▶ [Problem statement] From the data below, retype exactly the lines starting with the one that contains "мдпв Ликино-Дулёво" and ending with the one that contains "Unit4 Lesson 20 课件+教案+素材04", both included.

▶ [Input records]
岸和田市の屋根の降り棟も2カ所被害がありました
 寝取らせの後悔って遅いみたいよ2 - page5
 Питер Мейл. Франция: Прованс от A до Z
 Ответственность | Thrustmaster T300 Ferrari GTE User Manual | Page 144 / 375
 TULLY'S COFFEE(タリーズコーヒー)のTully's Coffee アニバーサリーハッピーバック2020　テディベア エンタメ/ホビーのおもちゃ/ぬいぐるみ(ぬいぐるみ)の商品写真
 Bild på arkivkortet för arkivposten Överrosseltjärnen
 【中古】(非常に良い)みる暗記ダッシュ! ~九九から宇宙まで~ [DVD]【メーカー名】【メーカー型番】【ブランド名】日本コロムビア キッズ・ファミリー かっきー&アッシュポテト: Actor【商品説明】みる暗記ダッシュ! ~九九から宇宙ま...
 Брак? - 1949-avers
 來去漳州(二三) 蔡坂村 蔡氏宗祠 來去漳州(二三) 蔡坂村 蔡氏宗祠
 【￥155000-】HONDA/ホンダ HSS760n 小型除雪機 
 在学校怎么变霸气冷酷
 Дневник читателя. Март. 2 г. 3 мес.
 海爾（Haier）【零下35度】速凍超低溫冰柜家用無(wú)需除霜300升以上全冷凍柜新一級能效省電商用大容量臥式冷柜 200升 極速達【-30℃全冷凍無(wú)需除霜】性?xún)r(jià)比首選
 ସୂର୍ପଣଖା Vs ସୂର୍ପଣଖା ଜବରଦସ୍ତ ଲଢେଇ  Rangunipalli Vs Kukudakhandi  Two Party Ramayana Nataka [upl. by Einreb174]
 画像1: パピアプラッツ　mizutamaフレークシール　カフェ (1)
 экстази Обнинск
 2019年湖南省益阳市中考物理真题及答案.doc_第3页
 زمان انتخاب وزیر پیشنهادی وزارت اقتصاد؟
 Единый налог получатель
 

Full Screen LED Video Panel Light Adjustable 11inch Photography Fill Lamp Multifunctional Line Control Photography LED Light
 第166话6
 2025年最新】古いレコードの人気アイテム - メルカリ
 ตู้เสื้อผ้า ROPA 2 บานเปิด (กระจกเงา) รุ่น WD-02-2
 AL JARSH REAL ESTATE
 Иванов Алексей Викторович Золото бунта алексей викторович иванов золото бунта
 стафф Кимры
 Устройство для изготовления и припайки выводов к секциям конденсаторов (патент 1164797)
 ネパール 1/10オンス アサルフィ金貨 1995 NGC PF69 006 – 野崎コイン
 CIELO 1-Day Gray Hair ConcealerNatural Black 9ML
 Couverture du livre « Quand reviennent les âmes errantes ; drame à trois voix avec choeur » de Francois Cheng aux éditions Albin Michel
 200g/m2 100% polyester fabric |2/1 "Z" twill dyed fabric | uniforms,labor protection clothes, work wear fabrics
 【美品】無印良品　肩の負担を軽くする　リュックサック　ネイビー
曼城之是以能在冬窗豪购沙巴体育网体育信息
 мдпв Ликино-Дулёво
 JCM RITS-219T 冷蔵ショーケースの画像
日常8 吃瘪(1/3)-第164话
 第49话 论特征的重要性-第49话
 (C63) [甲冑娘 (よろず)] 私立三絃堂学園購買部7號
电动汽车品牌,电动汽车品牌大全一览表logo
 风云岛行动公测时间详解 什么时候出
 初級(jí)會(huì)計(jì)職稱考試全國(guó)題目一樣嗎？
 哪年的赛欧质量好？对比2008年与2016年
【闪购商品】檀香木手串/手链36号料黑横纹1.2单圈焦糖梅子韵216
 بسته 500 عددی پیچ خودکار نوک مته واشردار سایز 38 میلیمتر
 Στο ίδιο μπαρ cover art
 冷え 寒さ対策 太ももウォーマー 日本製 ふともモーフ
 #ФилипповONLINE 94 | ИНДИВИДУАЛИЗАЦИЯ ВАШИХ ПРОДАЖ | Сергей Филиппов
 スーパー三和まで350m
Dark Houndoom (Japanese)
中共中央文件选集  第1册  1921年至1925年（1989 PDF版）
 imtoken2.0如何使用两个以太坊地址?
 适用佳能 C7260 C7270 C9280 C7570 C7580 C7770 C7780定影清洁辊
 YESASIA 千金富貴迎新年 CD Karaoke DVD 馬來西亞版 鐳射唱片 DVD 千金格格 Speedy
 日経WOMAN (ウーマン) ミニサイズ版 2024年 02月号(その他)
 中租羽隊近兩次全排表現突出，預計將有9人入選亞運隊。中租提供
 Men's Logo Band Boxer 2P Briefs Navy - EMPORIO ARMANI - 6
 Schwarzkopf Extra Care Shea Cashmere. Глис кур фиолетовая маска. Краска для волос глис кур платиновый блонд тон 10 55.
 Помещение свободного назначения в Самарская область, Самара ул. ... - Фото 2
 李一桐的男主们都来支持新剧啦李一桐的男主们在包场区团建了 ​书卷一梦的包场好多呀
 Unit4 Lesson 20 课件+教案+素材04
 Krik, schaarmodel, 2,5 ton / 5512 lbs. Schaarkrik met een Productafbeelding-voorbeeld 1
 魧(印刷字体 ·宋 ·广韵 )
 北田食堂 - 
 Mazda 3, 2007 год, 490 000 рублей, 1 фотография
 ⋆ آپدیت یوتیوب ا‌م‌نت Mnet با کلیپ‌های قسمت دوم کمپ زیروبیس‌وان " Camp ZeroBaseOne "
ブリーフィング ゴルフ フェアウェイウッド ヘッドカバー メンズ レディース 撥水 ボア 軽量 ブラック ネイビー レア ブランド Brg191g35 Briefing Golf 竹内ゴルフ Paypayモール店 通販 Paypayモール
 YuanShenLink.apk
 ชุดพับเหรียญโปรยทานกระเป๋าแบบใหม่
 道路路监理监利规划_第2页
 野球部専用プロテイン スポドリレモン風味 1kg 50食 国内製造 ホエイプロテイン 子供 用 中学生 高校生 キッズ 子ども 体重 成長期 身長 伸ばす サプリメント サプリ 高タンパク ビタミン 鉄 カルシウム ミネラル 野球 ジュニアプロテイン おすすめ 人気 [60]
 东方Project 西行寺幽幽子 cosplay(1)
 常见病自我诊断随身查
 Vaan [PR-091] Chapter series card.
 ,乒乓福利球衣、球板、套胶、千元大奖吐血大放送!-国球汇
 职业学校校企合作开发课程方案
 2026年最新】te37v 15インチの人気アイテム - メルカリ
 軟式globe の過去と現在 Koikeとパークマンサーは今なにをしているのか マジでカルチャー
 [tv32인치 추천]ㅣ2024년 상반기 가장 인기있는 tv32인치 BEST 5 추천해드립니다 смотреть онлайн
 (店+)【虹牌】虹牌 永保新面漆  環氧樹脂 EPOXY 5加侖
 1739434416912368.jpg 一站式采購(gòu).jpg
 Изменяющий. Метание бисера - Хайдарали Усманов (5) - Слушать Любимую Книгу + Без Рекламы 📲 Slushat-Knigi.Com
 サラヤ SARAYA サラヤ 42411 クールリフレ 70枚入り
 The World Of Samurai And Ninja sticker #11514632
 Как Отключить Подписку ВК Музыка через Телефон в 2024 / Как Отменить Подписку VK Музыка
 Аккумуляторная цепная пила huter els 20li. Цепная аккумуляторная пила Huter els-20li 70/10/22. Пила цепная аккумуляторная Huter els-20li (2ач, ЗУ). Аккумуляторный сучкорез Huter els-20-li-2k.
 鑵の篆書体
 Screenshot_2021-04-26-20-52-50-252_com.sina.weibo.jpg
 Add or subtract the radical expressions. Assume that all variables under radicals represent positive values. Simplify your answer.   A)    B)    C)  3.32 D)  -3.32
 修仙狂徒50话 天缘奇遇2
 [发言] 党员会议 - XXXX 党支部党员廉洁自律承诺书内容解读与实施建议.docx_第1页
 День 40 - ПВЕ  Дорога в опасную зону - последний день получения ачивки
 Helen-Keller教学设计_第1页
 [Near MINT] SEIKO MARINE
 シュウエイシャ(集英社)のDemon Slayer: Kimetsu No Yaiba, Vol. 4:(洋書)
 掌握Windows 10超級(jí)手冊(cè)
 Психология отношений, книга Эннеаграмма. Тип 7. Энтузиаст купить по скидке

▶ [Answer below]
 мдпв Ликино-Дулёво
 JCM RITS-219T 冷蔵ショーケースの画像
日常8 吃瘪(1/3)-第164话
 第49话 论特征的重要性-第49话
 (C63) [甲冑娘 (よろず)] 私立三絃堂学園購買部7號
电动汽车品牌,电动汽车品牌大全一览表logo
 风云岛行动公测时间详解 什么时候出
 初級(jí)會(huì)計(jì)職稱考試全國(guó)題目一樣嗎？
 哪年的赛欧质量好？对比2008年与2016年
【闪购商品】檀香木手串/手链36号料黑横纹1.2单圈焦糖梅子韵216
 بسته 500 عددی پیچ خودکار نوک مته واشردار سایز 38 میلیمتر
 Στο ίδιο μπαρ cover art
 冷え 寒さ対策 太ももウォーマー 日本製 ふともモーフ
 #ФилипповONLINE 94 | ИНДИВИДУАЛИЗАЦИЯ ВАШИХ ПРОДАЖ | Сергей Филиппов
 スーパー三和まで350m
Dark Houndoom (Japanese)
中共中央文件选集  第1册  1921年至1925年（1989 PDF版）
 imtoken2.0如何使用两个以太坊地址?
 适用佳能 C7260 C7270 C9280 C7570 C7580 C7770 C7780定影清洁辊
 YESASIA 千金富貴迎新年 CD Karaoke DVD 馬來西亞版 鐳射唱片 DVD 千金格格 Speedy
 日経WOMAN (ウーマン) ミニサイズ版 2024年 02月号(その他)
 中租羽隊近兩次全排表現突出，預計將有9人入選亞運隊。中租提供
 Men's Logo Band Boxer 2P Briefs Navy - EMPORIO ARMANI - 6
 Schwarzkopf Extra Care Shea Cashmere. Глис кур фиолетовая маска. Краска для волос глис кур платиновый блонд тон 10 55.
 Помещение свободного назначения в Самарская область, Самара ул. ... - Фото 2
 李一桐的男主们都来支持新剧啦李一桐的男主们在包场区团建了 ​书卷一梦的包场好多呀
 Unit4 Lesson 20 课件+教案+素材04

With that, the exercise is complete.